3 Questions: Three Emerging Student Artists React to Their Wiesner Student Art Gallery Experiences

Students show their research at MIT through their gallery exhibitions

Each month, the Jerome B. Wiesner Student Art Gallery welcomes students, staff, faculty, and visitors to view a new and engaging exhibition of student art work. A gift from MIT’s Class of 1983, the gallery displays a wide range of art, from painting and origami, to video and sound art. We asked three MIT students about their art, and for their reactions to their experiences exhibiting at the Wiesner Gallery.

Can you describe your history of making art at MIT and before MIT?

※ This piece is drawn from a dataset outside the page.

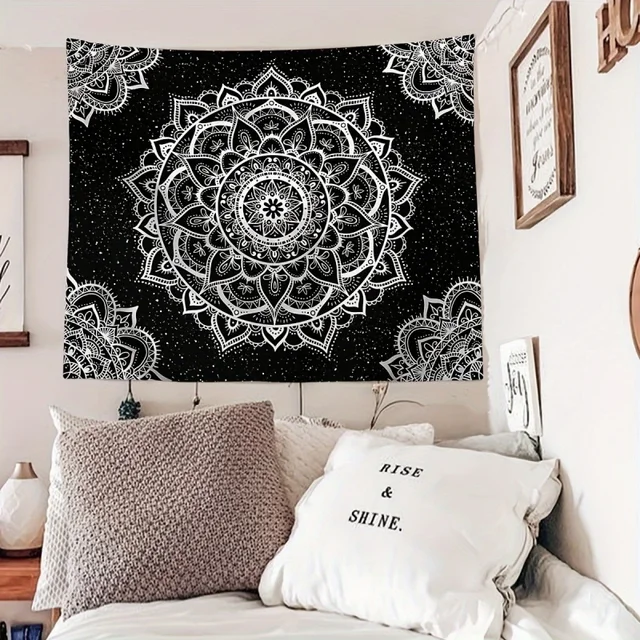 1pc Bohème Mandala Tapisserie Salon Chambre Bureau Tenture Murale, Décoration de Maison Décoration de Chambre Décoration de Fête 6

Emily Toomey, graduate student in Electrical Engineering

Art has been part of my life and behind everything I do for as long as I can remember. Central to my interest in electrical engineering is the visual aspect of topics, like electricity and magnetism. I painted throughout high school and college (I went to Brown so I was able to cross-register at RISD too, which was great and super challenging), and paint roughly every week at MIT. I made my first series of paintings this year that are based on scenes from my everyday commute on the subway. My painting style has evolved over time. Initially my style tightly resembled realism, and then in college I incorporated more cubism into my work. Cubism was a great way to add the angles and lines that are found in math, into my paintings. Currently, I’ve been trying to loosen my brushwork, so I would say my style is somewhere in between cubism and impressionism.

Why did you choose to display your work in the Wiesner Student Art Gallery? 

Laura Perovich, graduate student in the MIT Media Lab: 

My research at the Media Lab is focused on using art and technology to engage communities with environmental issues, so the Wiesner Gallery was the perfect space for my work. Displaying my dissertation in the gallery was an opportunity to share an artistic “final product” that cemented a representation of the arts in my Media Arts and Sciences degree!

It was also very exciting to exhibit my work in the student center, where I’d have both intentional and unintentional visitors to the gallery. Many of my collaborators who contributed to my exhibition were able to visit as well as the MIT and outside community. The gallery created a space to discuss the important underlying themes of art, environment, and community. The gallery built an experience around the pieces that can’t be replicated by a slide deck or an academic paper. 

After presenting your exhibition, how do you now view the space provided for student work at the Wiesner Student Art Gallery?

Isabel Moya Camacho, graduate student in the MIT Media Lab: 

Art spaces at MIT are conceived as a phenomenon of intermediation.Through the Wiesner Student Art Gallery, MIT provides a place to discuss, argue and cooperate, and to construct artistic identities. I’ve found the gallery to be a meeting place for a wide variety of MIT community members. The regular schedule of exhibitions allows for new and recurring faces to discuss, debate, and think about new ways to collaborate on projects in the arts.

Former Student Arts Programs Manager Sam Hunter Magee and kinetic sculptor and former Maker in Residence Justin Playl curated an exhibition of our research that reflected the contradiction in contemporary design paradigms that I was a part of with MIT Media Lab Ph.D. candidate Neil Gaikwad. Neil and I developed our work at the Media Lab in order to question how space is a changing set of interrelationships constantly redefined by our actions. The gallery was the perfect location to build an exhibition experience that we thought showcased our definition of space: metaphors of thoughts working through time and defining form through procedures advocating abstraction, eliminating causal relationships and spatio-temporal locations. The month-long installation period and central location on campus challenged visitors to grapple with the concepts behind our work. 

Each student’s reflection about their experience exhibiting work at the Wiesner Gallery is a reminder that MIT is comprised of thoughtful students who enjoy representing their work to visitors interested in a variety of backgrounds. Whether it be subway paintings, an artistic representation of a dissertation, or an exhibition defining space, the Wiesner Gallery is an outlet for creative expression tied to academic or artistic interests.

The first exhibition of the 2019-20 academic year featured works by recent MIT Integrated Design Management alumni Kamin Phakdurong ’16, Yangyang Yang ’16, Pushpaleela Prabakar ’16, Jenson Wu ’18 in an exhibition titled Surrounded by Digitized Faces and Bodies. In October, Ohyoon Kwon ’20 will exhibit abstract prints and paintings. Other exhibitions will include a group show of darkroom photographs created by students of Thery Mislick, The MIT Program in Art, Culture and Technology’s The February School, and winners of the Harold and Arlene Schnitzer Prize in the Visual Arts

To apply for an exhibition in 2020-2021, contact Sarah Hirzel at shirzel@mit.edu.  Art proposals of all types are welcome, including design, performance, and technology.  Curatorial projects and collaborations are encouraged. Currently active undergraduate and graduate students and groups are invited to apply.

The Wiesner Student Art Gallery is located on the 2nd floor of the Stratton Student Center, MIT building W20. It is free and open to the public 7 days a week.